═════ The data

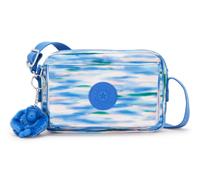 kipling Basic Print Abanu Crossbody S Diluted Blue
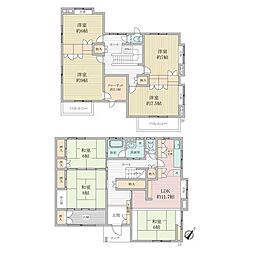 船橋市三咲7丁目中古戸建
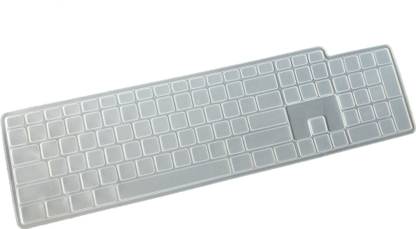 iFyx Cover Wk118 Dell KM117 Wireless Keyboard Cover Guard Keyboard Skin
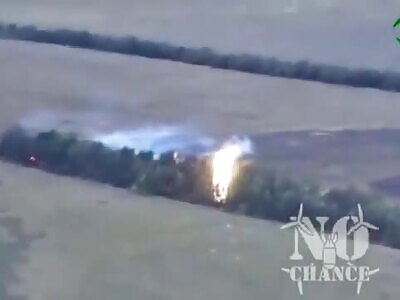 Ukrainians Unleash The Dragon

══════════

_Your task_
Without any pictures, repeat the listing exactly.

_Answer section_
 kipling Basic Print Abanu Crossbody S Diluted Blue
 船橋市三咲7丁目中古戸建
 iFyx Cover Wk118 Dell KM117 Wireless Keyboard Cover Guard Keyboard Skin
 Ukrainians Unleash The Dragon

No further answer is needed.